WORK INSTRUCTION: Write out each record below exactly, but not the pictures.

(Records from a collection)
◆ ◆ ◆ ◆

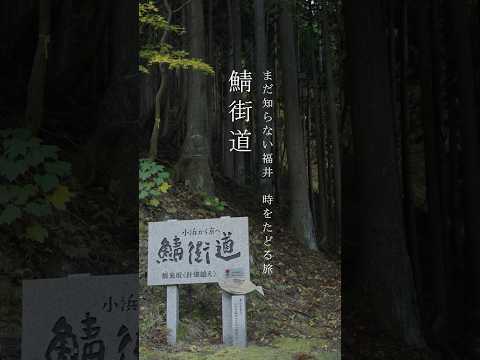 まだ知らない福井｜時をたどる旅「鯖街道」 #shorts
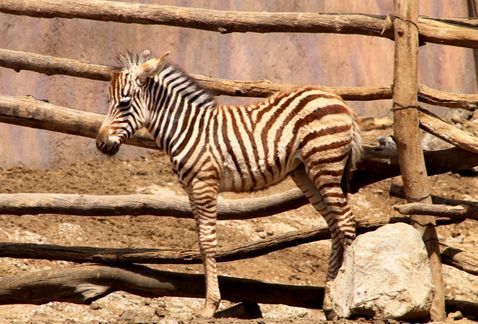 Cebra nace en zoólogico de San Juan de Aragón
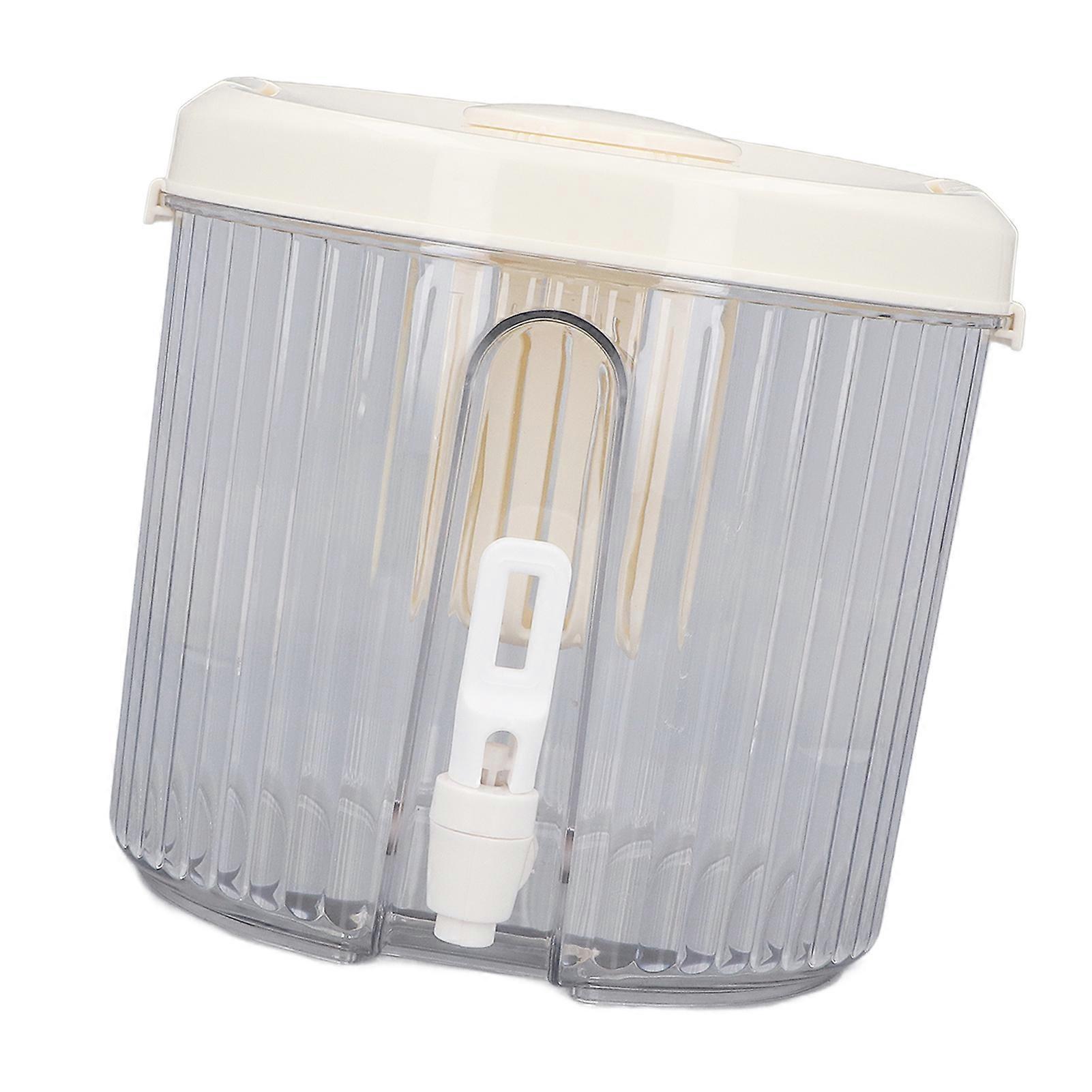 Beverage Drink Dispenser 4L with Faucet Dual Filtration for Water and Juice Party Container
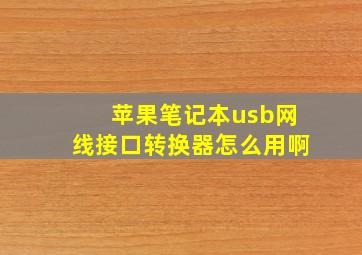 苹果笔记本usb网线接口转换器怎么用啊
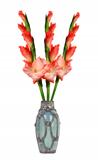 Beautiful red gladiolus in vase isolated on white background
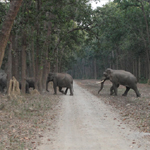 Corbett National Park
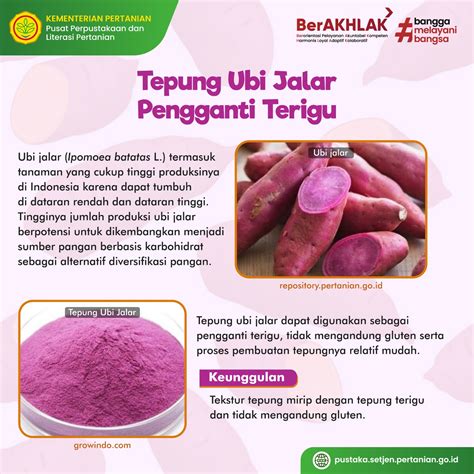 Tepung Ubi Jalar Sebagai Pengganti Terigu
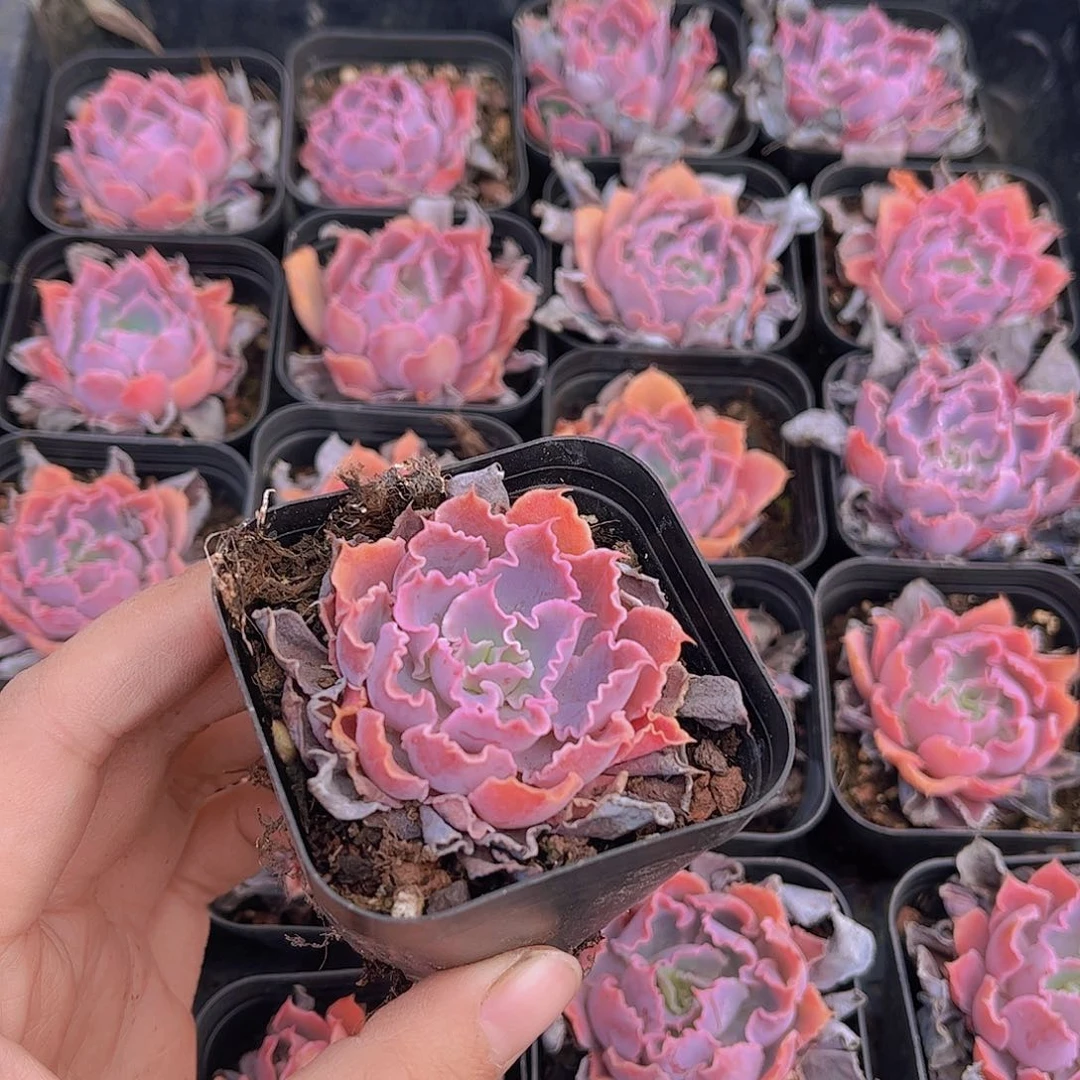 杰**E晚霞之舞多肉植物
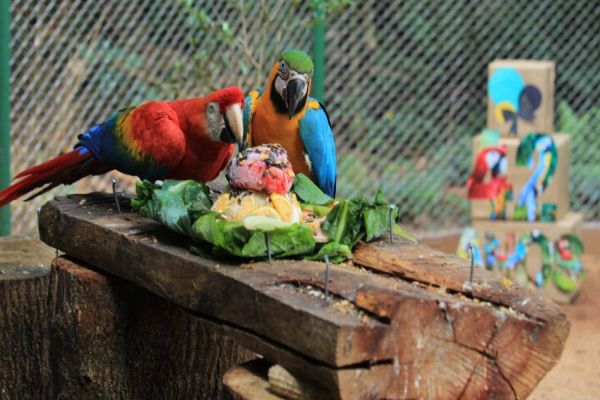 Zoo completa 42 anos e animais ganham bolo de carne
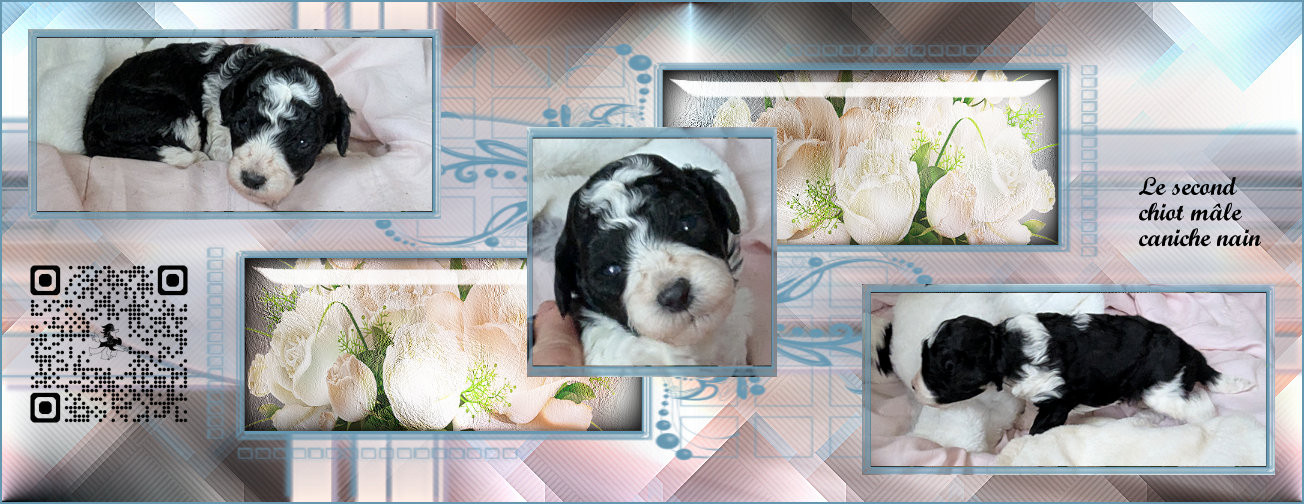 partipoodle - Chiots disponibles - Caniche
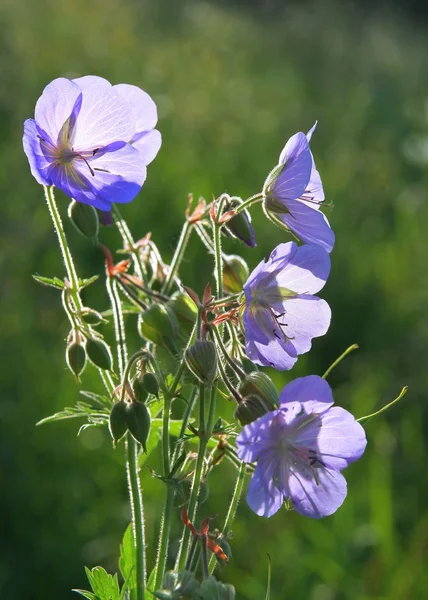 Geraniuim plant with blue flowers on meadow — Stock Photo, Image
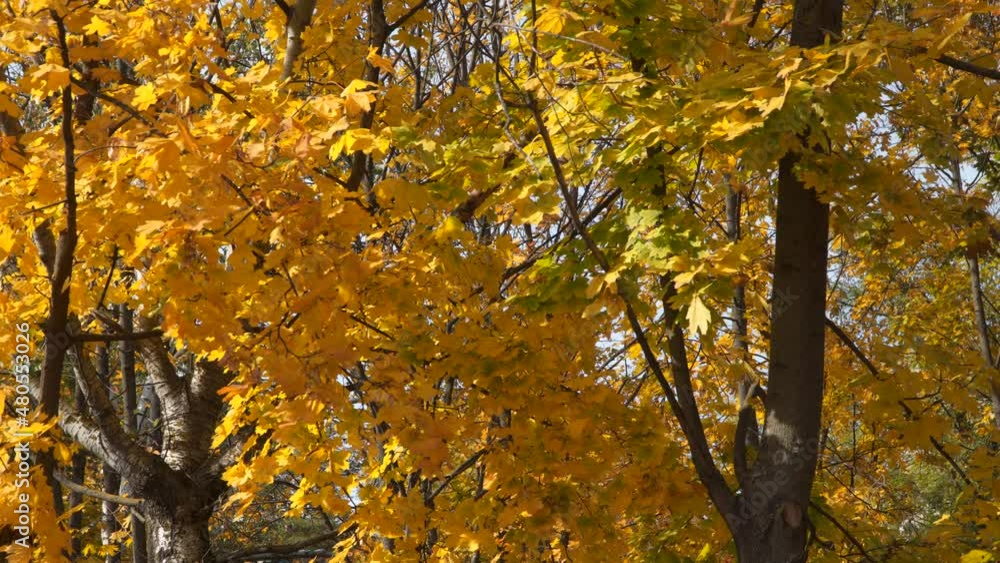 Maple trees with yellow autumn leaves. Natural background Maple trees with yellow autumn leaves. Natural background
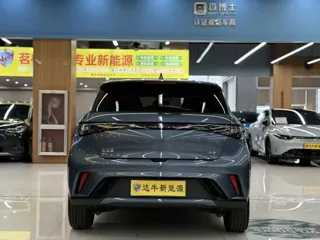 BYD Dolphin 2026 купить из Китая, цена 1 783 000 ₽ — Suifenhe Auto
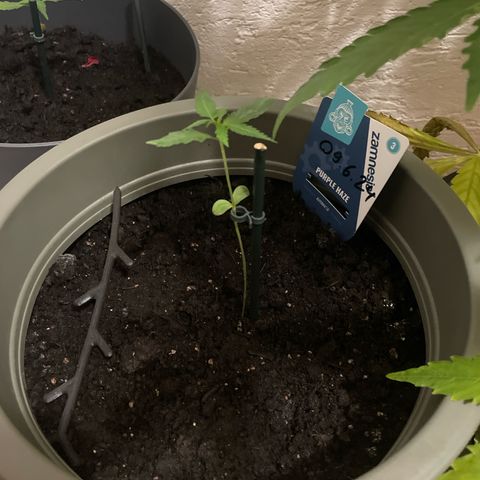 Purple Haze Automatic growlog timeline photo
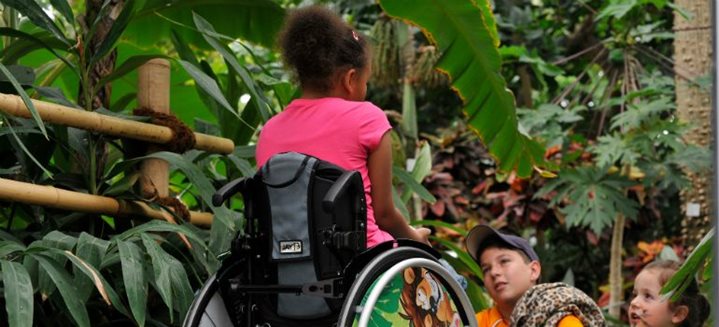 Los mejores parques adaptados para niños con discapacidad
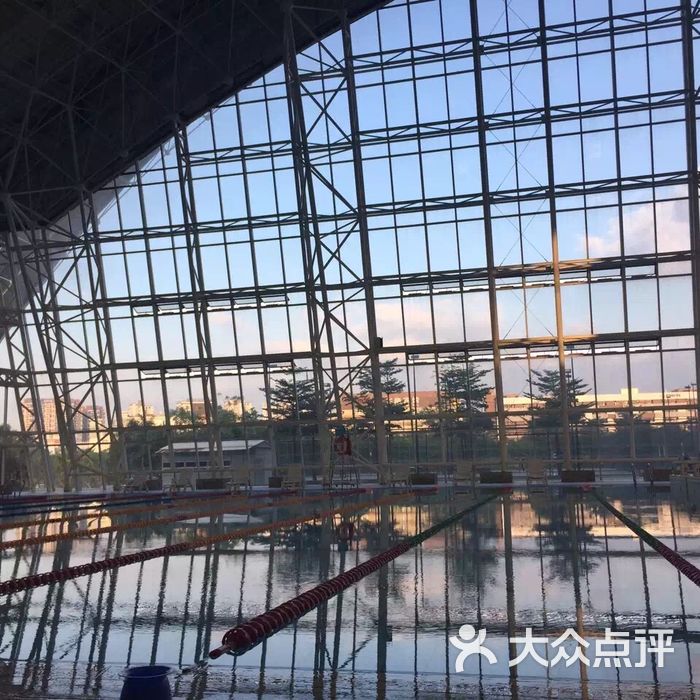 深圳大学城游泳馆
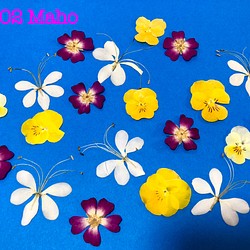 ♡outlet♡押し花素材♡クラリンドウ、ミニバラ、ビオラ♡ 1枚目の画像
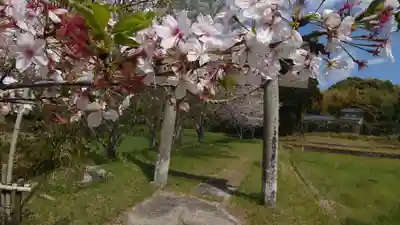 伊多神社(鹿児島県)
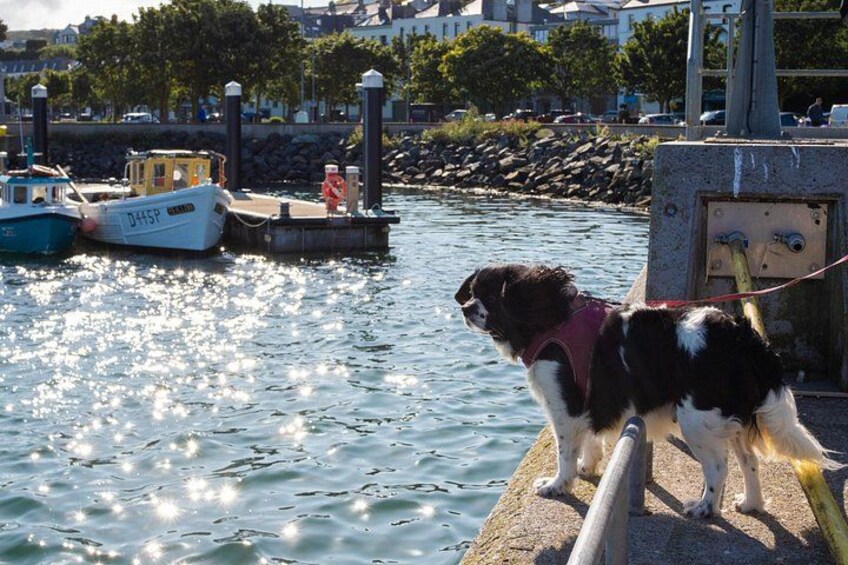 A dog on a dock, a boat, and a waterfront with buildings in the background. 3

◆ ◆ ◆ ◆

OUTPUT OF THE EXERCISE:
 まだ知らない福井｜時をたどる旅「鯖街道」 #shorts
 Cebra nace en zoólogico de San Juan de Aragón
 Beverage Drink Dispenser 4L with Faucet Dual Filtration for Water and Juice Party Container
 苹果笔记本usb网线接口转换器怎么用啊
 Beautiful red gladiolus in vase isolated on white background
 Corbett National Park
 Tepung Ubi Jalar Sebagai Pengganti Terigu
 杰**E晚霞之舞多肉植物
 Zoo completa 42 anos e animais ganham bolo de carne
 partipoodle - Chiots disponibles - Caniche
 Geraniuim plant with blue flowers on meadow — Stock Photo, Image
 Maple trees with yellow autumn leaves. Natural background Maple trees with yellow autumn leaves. Natural background
 BYD Dolphin 2026 купить из Китая, цена 1 783 000 ₽ — Suifenhe Auto
 Purple Haze Automatic growlog timeline photo
 Los mejores parques adaptados para niños con discapacidad
 深圳大学城游泳馆
 ♡outlet♡押し花素材♡クラリンドウ、ミニバラ、ビオラ♡ 1枚目の画像
 伊多神社(鹿児島県)
 A dog on a dock, a boat, and a waterfront with buildings in the background. 3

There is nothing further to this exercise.